Most tasks coming my way from clients fall into a few rough categories:

Quick Asks

Small-scope questions and request that I can handle offhand, usually in just a few minutes. Questions about legal rules I know well. Requests for documents in my records. Status reports on projects.

I try to handle quick asks as soon as possible, as they come up. Even if I have other kinds of tasks on my to-do list for the day. My goal here is to prevent people waiting on me, and to prevent mounds and mounds of these piling up. If they pile up, it’s often as much work to track them as to do them.
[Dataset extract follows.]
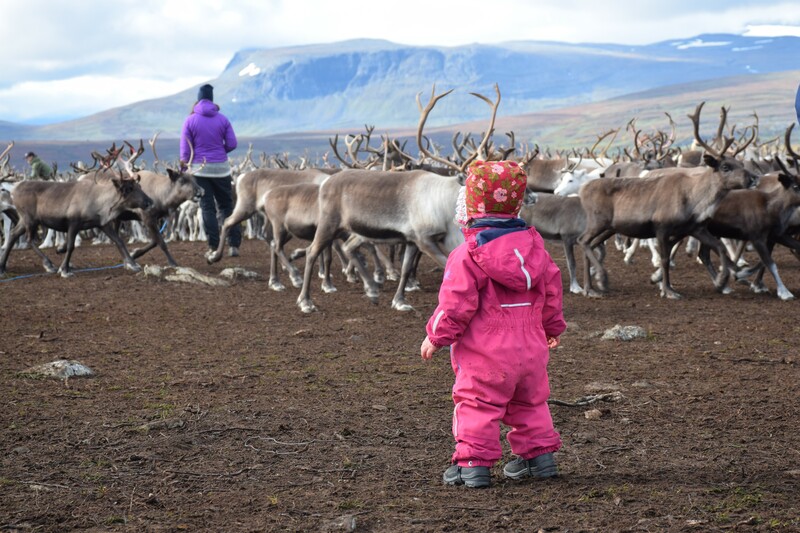 Foto: Ella-Kari Skum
An e-mail per topic really helps here.

This sometimes frustrate clients who see me answering unrelated questions when a much larger task is acknowledged first priority.

Shallow Tasks

These require some focus or concentration, but come in under half an hour or so. Quick reads of, or tweaks to, contracts and proposals. Small updates to forms and public policies already fresh in mind. That sort of thing.
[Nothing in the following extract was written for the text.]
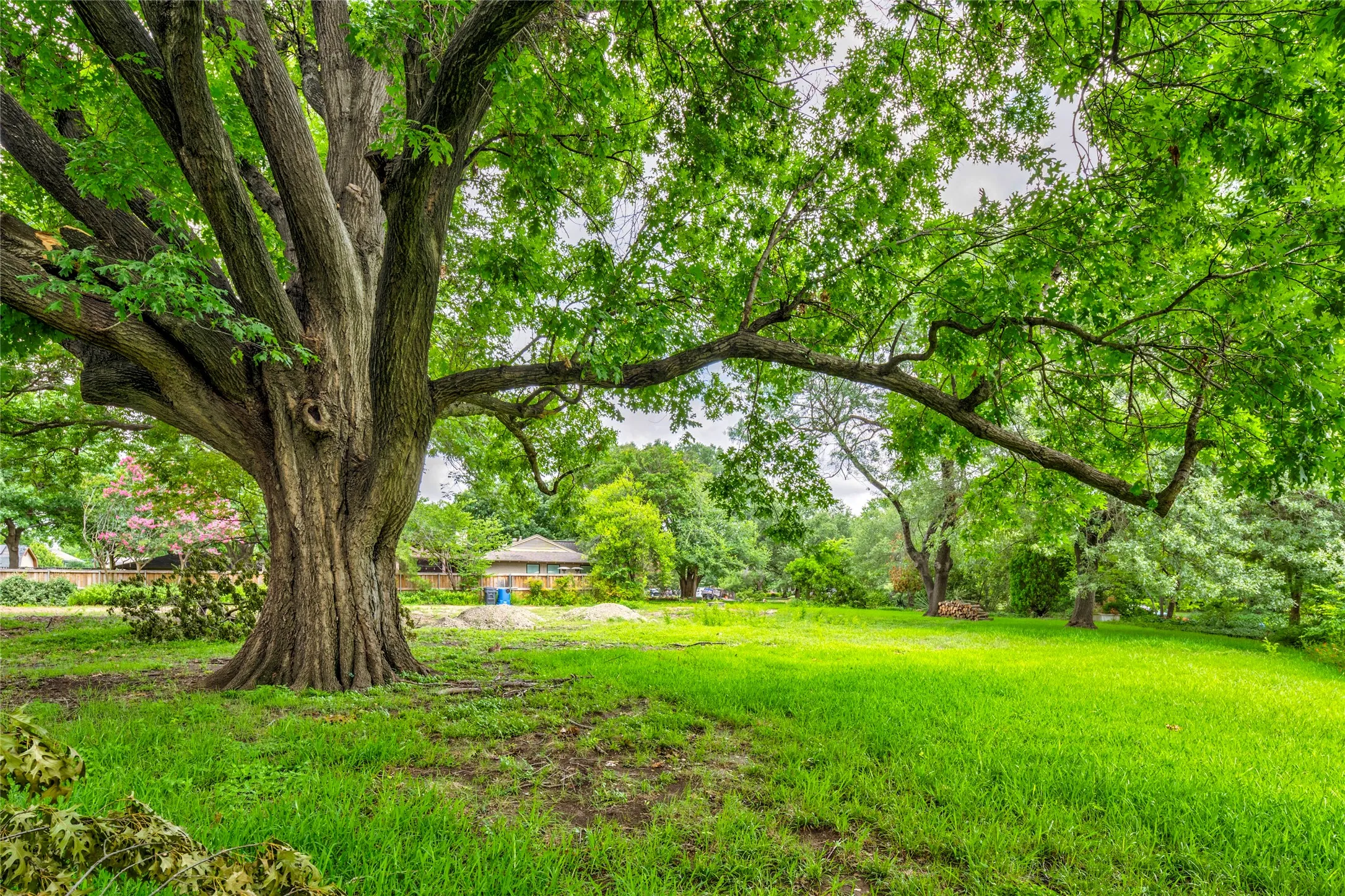 Expansive green lawn featuring a mature tree with substantial trunk and branches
I also try to clear these immediately. But I will postpone them to defend a morning, afternoon, or evening block needed for a larger task.

Deep Tasks

These require me to unplug from everything else and focus exclusively on one project for a substantial amount of time. Reviewing and turning drafts of long or complex contracts. Grappling with new developments in law or regulation. Researching a specific question of law. Writing a concise statement of high-level advice or strategy.

Most deep tasks take an hour to an hour and a half, but I’ll spend three or more locked in without a break on heavy work. Often, the more hours I can spend in a row, the fewer hours overall the task takes.
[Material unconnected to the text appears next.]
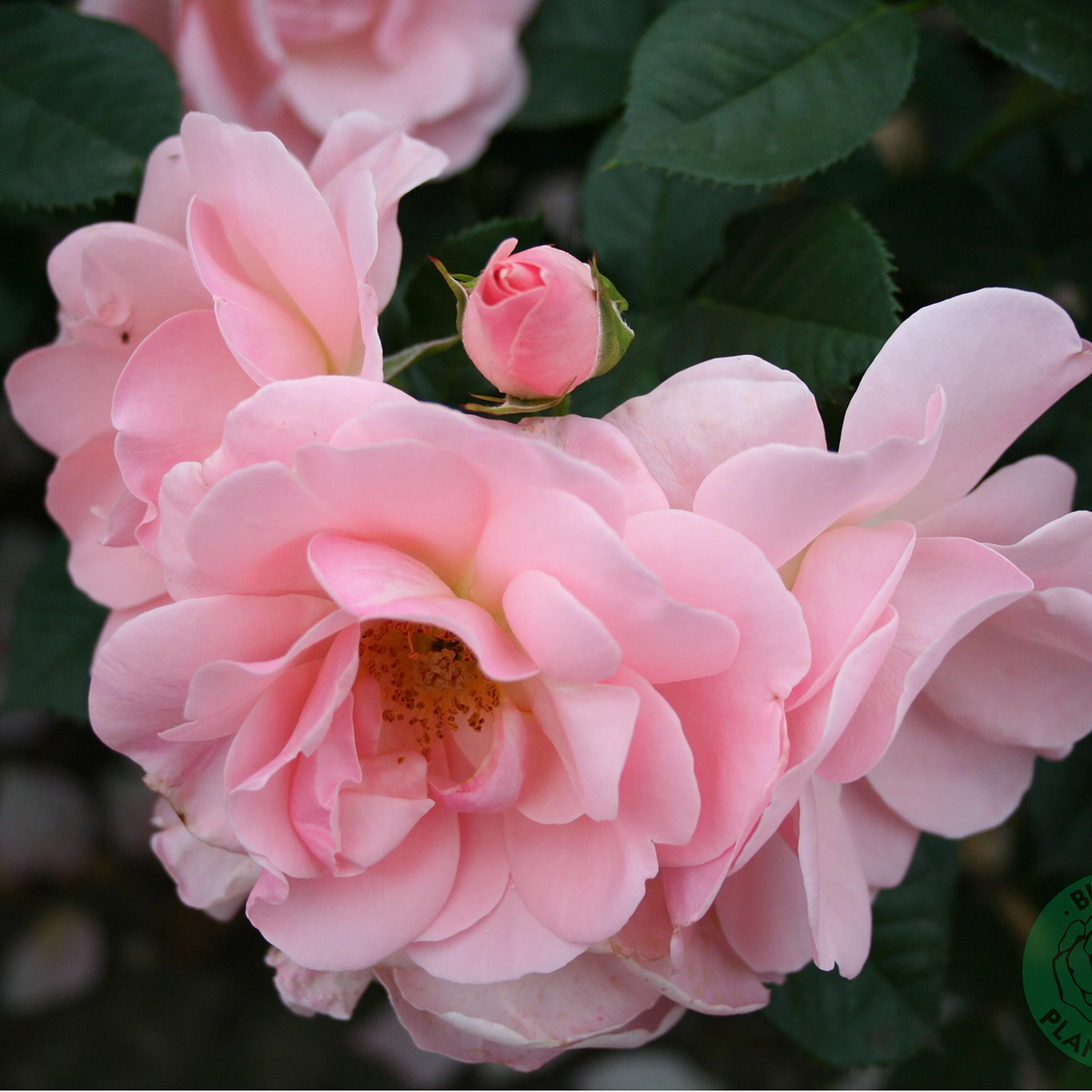 Buskros Omnia Garden Astrid Lindgren Flerblommig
I typically schedule deep tasks to large blocks of time—morning, afternoon, or evening. Then I have to “defend” that block from encroachment and interruption. Some deep tasks take a whole working day or more. I try to work these as scheduled. However, “emergency” or highly time-sensitive items occasionally ruin my plans.

From experience, I’ve learned that if I do two deep tasks in a day—say, one full-morning job and one full-afternoon job—I can’t keep up quality for a third in the same day. The evening is then good for quick and small tasks only. Same if I do a single large job spanning morning and afternoon or afternoon and evening. My chances of an oversight or significant mistake drop in a big way if I can postpone the next big job to the next day.

Mornings, afternoons, and evenings free of commitments and interruptions are the precious coins of my realm. I fight to save up for them, and to defend them from my clients, so I can get heavy lifting done. Realistically, I only get a handful of open deep-tasks slots per week, for all my clients.

Appointments

Anything else that gets calendared, including negotiation calls and counseling conversations. These can be some of my best and most important work, but take prior preparation and disqualify large time blocks from assignment to deep tasks.

If I schedule a call mid-morning on a Tuesday, I’ll need the start of that morning to review notes and prepare to make good use of the time, and probably won’t be able to do a deep dive on a contract before lunch. If I have to dial into a meeting on a Wednesday afternoon, I can’t do a big job that takes two slots in a row—morning and afternoon, afternoon and evening—on that day.

Proofing

A quick note on re-reviews, proofreading, and “working on my own work” generally.

I can’t competently proof my own writing shortly after finishing a draft. I need to set my work aside for some time—to focus on other, unrelated projects or clients, or on private life—in order to come back to my prior work with fresh eyes.

This primarily affects turnaround times on large contracts, where my client has received a lengthy proposal on a form I’ve never seen before. I may complete a review, issue summary, and markup of a fifty page proposal on Monday. But if it’s sensitive, I’m really going to want to set it aside for a day or two and return to it again before finalizing. That review will be another large job, which means blocking off and defending another uninterrupted chunk of time.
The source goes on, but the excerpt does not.